Pasaron los años y perdí la ruta de aquellos hombres. La selección natural hizo lo suyo y a excepción de Embale muchos de ellos pasaron a ser parte de la leyenda de la música cubana y sus nombres quedaron en el olvido; hasta que un buen día me reencontré con el Septeto Nacional.

Debo confesar que mi primera reacción fue de desconfianza. Era lógico, ahora se escuchaba otra música, que aunque se decía heredera de aquella tenía y mostraba otros patrones; les otorgué el beneficio de la duda mientras les observaba colocarse en escena. Ya no vestían a la usanza de una época lejana.
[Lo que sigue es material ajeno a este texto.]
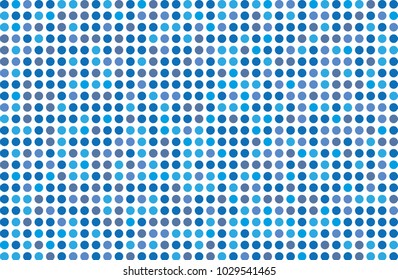 Dotted background with circles, dots, point Different shades of blue. Halftone pattern. Design element for web banners, posters, cards, wallpapers, sites, panels. Vector illustration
Nada había cambiado a no ser sus integrantes. Mantenía el mismo sonido, el mismo repertorio fundamentalmente. Era como si el tiempo se hubiera detenido y lo más interesante: no sonaban a música antigua. Era difícil de creer o entender pero era un hecho cierto: había y hay Septeto Nacional para rato.

El más sublime

Su director era ahora el bongosero Frank Oropesa, conocido como “el matador”, me esbozó una larga sonrisa al terminar aquel concierto y haber visto desde su posición privilegiada en el escenario en mi cara la viva expresión de la desconfianza prístina. Han pasado veinte y cuatro años de aquella tarde en un espacio en La Habana Vieja donde se presentaban y aún en mi memoria resuenan sus palabras al final de nuestra primera charla: “…somos el más sublime y el más universal… no te olvides de eso nunca…”

Debe ser por esa razón que aún me memoria recrea la voz de Carlos Embale cuando en mi soledad doméstica repaso mi vida y escribo estas líneas y escucho por milésima vez su frase lapidaria: “… avísale a tu vecina que aquí estoy yo…”

Es el Septeto Nacional, no os asombréis de nada.